Material provided below:

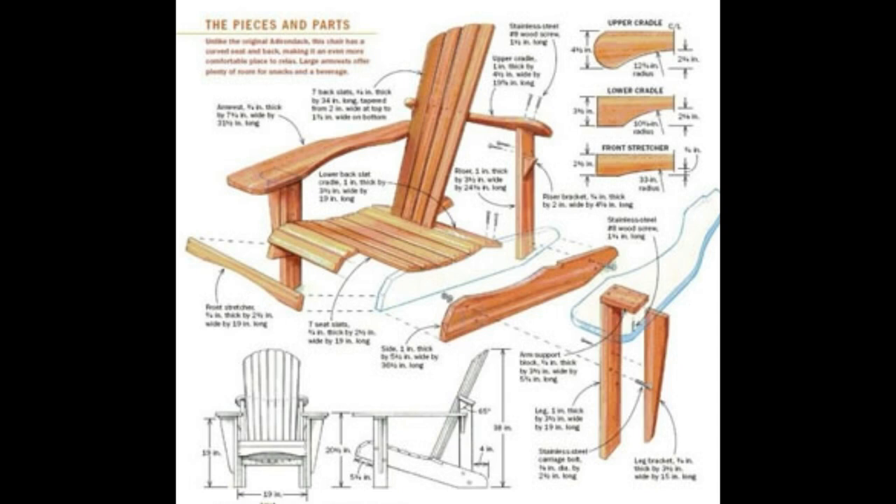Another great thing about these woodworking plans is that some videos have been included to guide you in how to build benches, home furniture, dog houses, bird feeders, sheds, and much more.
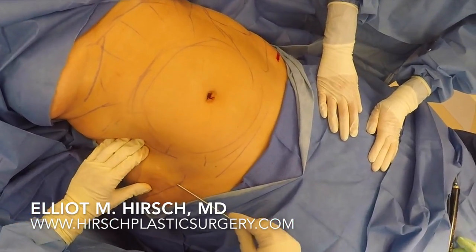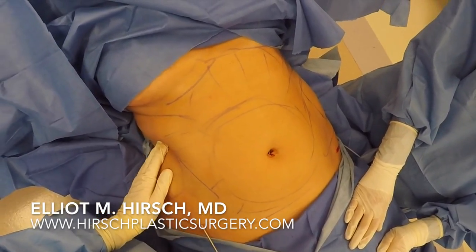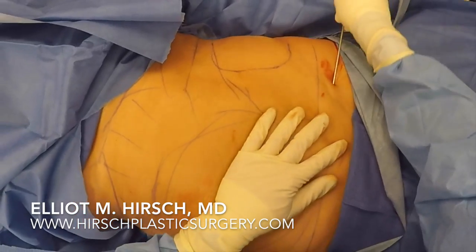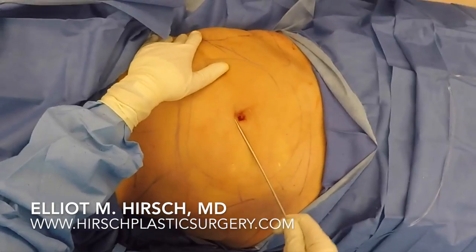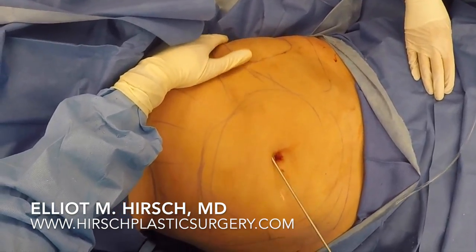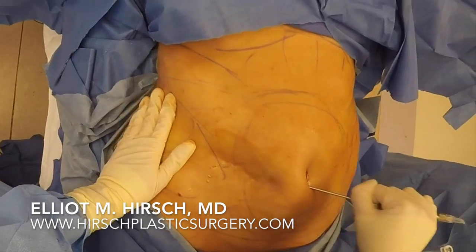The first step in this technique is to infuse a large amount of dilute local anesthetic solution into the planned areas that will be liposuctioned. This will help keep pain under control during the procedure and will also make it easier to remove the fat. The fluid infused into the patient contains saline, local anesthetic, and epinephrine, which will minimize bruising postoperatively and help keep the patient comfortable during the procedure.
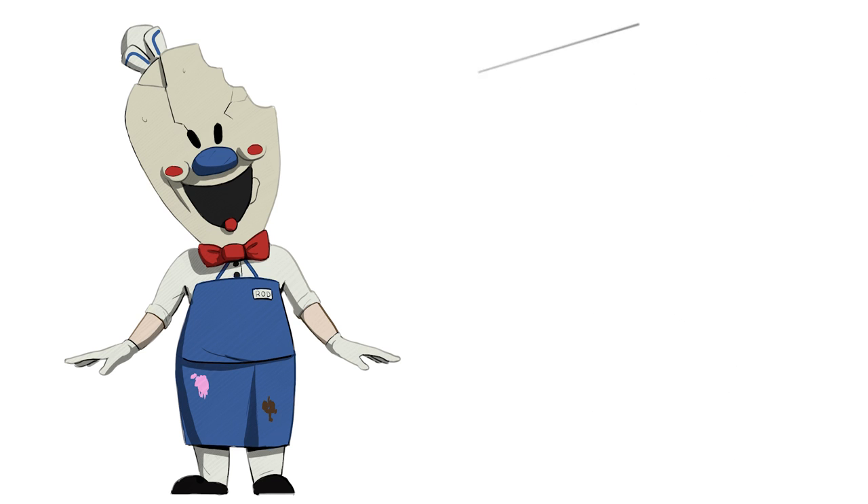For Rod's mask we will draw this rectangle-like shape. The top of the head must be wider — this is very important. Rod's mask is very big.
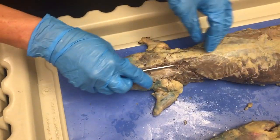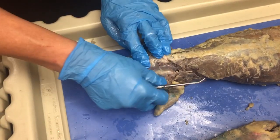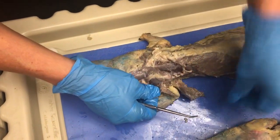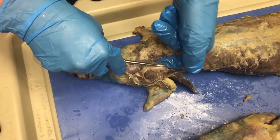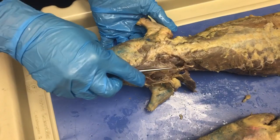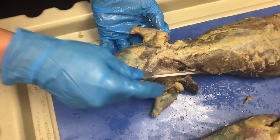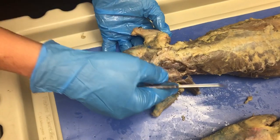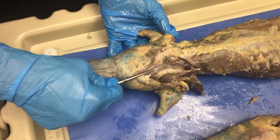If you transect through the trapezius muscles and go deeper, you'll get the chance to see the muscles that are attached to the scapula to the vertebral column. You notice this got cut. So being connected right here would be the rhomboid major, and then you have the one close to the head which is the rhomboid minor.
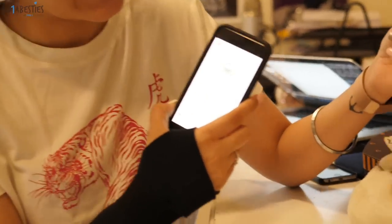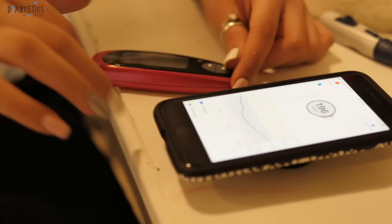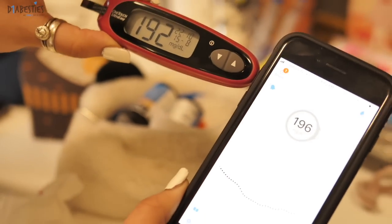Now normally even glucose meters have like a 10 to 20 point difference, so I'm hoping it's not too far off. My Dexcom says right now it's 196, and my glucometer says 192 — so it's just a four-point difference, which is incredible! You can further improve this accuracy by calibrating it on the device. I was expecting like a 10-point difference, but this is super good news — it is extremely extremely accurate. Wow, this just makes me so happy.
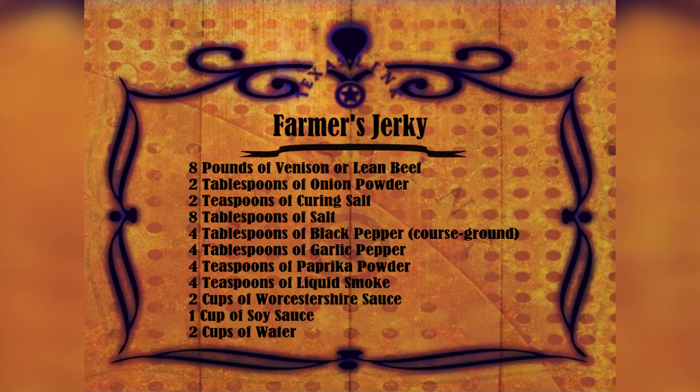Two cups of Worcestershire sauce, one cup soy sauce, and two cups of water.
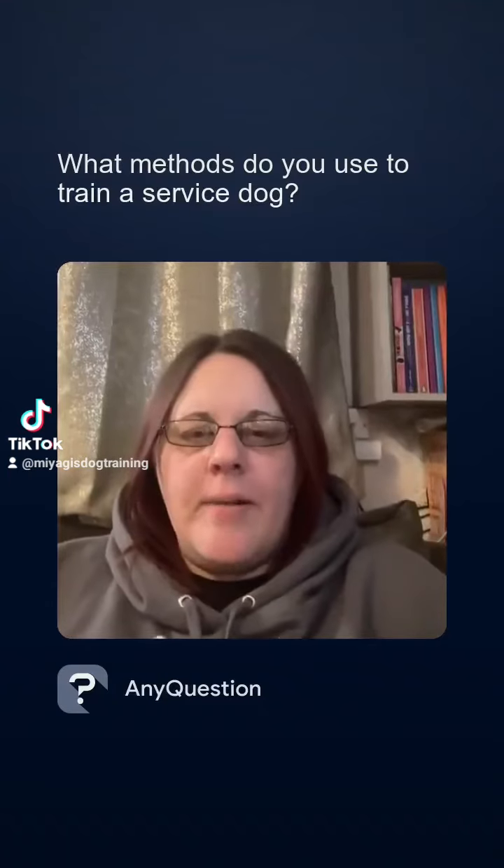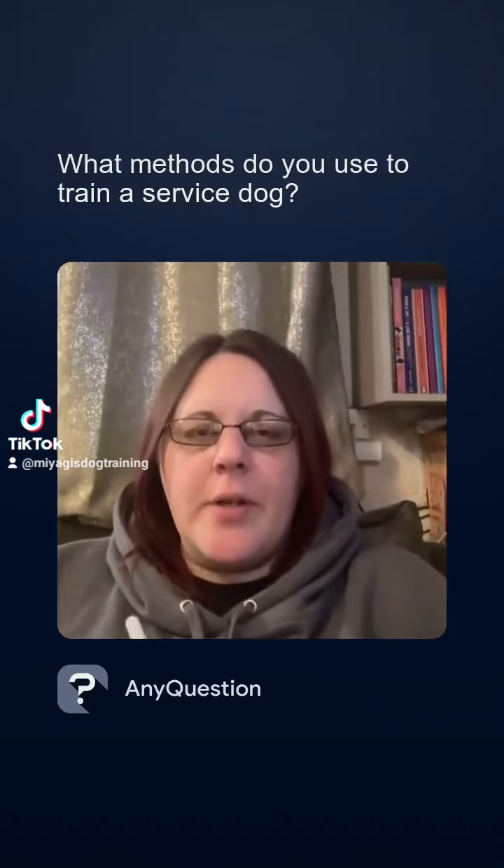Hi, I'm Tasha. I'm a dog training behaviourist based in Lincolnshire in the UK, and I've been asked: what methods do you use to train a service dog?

End of Material provided.

For the entries above, return an exact copy that omits the images.

Another great thing about these woodworking plans is that some videos have been included to guide you in how to build benches, home furniture, dog houses, bird feeders, sheds, and much more.
The first step in this technique is to infuse a large amount of dilute local anesthetic solution into the planned areas that will be liposuctioned. This will help keep pain under control during the procedure and will also make it easier to remove the fat. The fluid infused into the patient contains saline, local anesthetic, and epinephrine, which will minimize bruising postoperatively and help keep the patient comfortable during the procedure.
For Rod's mask we will draw this rectangle-like shape. The top of the head must be wider — this is very important. Rod's mask is very big.
If you transect through the trapezius muscles and go deeper, you'll get the chance to see the muscles that are attached to the scapula to the vertebral column. You notice this got cut. So being connected right here would be the rhomboid major, and then you have the one close to the head which is the rhomboid minor.
Now normally even glucose meters have like a 10 to 20 point difference, so I'm hoping it's not too far off. My Dexcom says right now it's 196, and my glucometer says 192 — so it's just a four-point difference, which is incredible! You can further improve this accuracy by calibrating it on the device. I was expecting like a 10-point difference, but this is super good news — it is extremely extremely accurate. Wow, this just makes me so happy.
Two cups of Worcestershire sauce, one cup soy sauce, and two cups of water.
Hi, I'm Tasha. I'm a dog training behaviourist based in Lincolnshire in the UK, and I've been asked: what methods do you use to train a service dog?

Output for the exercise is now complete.